Lazarus’ sister Martha had such hope, even though she had no proof that it would ever happen. She knew that if God had so willed, then her brother would not have died. That is the simple, childlike faith Jesus always asked for and rarely saw, even among His apostles. If Lazarus had been healed, it certainly would have been hailed as another sign of Jesus’ divine authority. But God had another thing in His plan, something so amazing that all the other healings would pale in comparison.


John 11:4
When Jesus heard that, He said, “This sickness is not unto death, but for the glory of God, that the Son of God may be glorified through it.”

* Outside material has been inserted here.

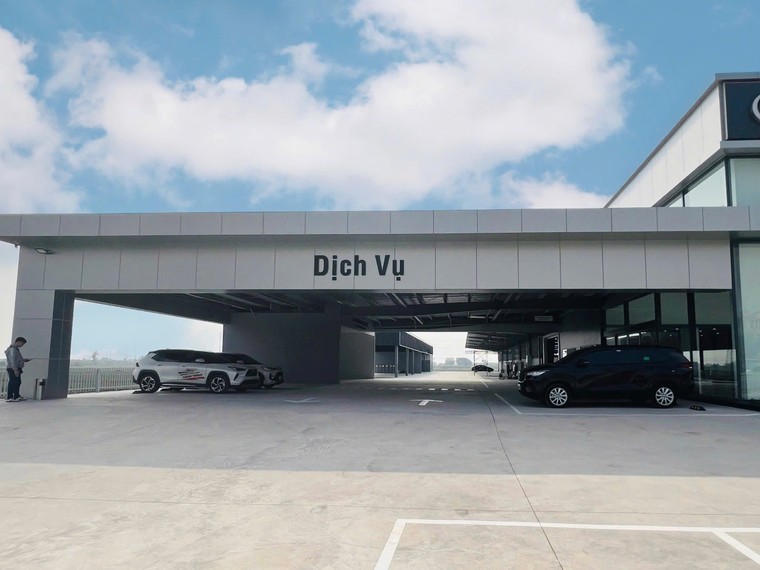 Toyota Việt Nam công bố doanh số bán hàng tháng 12 và mở rộng hệ thống đại lý - Ra mắt Toyota Hải Dương – Chí Linh ảnh 2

Looking back as we do now, knowing that Lazarus is to be called forth from his tomb after four days, we have a jaded view of death. We hear about miraculous healings throughout history, and we pray and pray and pray for one in our lives. When my beloved wife lay before me, seemingly dead already, I prayed for God to bring her back to us. It’s a natural reaction. Martha certainly felt the same way, because she had asked Jesus to come before Lazarus died. But the Lord waited so that Lazarus’ resurrection would be more than just another healing, so that this brief resurrection into mortal life would be a sign of things to come, a hint of the full resurrection into eternal life.

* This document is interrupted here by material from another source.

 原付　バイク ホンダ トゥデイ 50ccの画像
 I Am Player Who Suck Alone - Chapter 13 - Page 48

And so, to be sure that Martha understood fully just what the resurrection was and Who was its agent, Jesus told her that He is “the resurrection and the life.” (v.25) In other words, this resurrection unto eternal life could only happen by God the Father through Jesus the Son. And we grasp that gift of God’s grace through our faith in Jesus Christ. There is no other way. (John 3:16-17, John 14:6)

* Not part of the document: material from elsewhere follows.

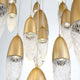 Eurofase - Ecrou 22 Light Chandelier - Lights Canada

“Do you believe this?” Jesus asked her. (v.26) I think in that moment that Martha believed in the bodily resurrection more than the apostles who walked with Jesus every day. Why? Because she WANTED to believe, because she needed that faith, because she was in a spot where her grief collided with her faith and her faith had won.

We don’t always know why some should die and others live, why some face calamity while our lives sail smoothly along. We have hints here and there of God’s grace and mercy, and we have the gospel accounts and centuries of miracles performed in Jesus’ name that show us the reality of Martha’s faith. Signs and rumors, prophecies and revelation, they are all incomplete, never fully revealing God’s plan for our lives. As Paul wrote, “For now we see in a mirror, dimly, but then face to face. Now I know in part, but then I shall know just as I also am known.” (1 Corinthians 13:12) Until such time as all things are completed, we just have our faith and our hope and our love for God–and the greatest of these is love. (1 Corinthians 13:13)

I don’t have all the answers. No one does. But I do have faith that if God so wills, then a miracle of healing will take place. What was more important to Jesus when He came to raise Lazarus: the healing of His friend or the faith of Martha and others who watched? So, will we see a physical healing on a small child? Or will we see a spiritual healing of the faith of a whole family as a child is called home to God? I cannot say. But I can say that God was willing to let His only Son die, to be killed on our behalf, to bear the burden of our sin. And God also raised Him again on the third day to His eternal glory. That I know, and to that I cling. When all else seems darkness and doom, I look toward that empty tomb and I have hope again–hope that I will see my beloved wife again, that I will play cribbage with Grandpa again, that I will hug my little Grandma again, even as we all sing praises to the glory of our God and King. Do you believe this, too?

I will let the apostle Peter close for us today:


1 Peter 5:10-11
10 But may the God of all grace, who called us to His eternal glory by Christ Jesus, after you have suffered a while, perfect, establish, strengthen, and settle you.
11 To Him be the glory and the dominion forever and ever. Amen.

And Amen.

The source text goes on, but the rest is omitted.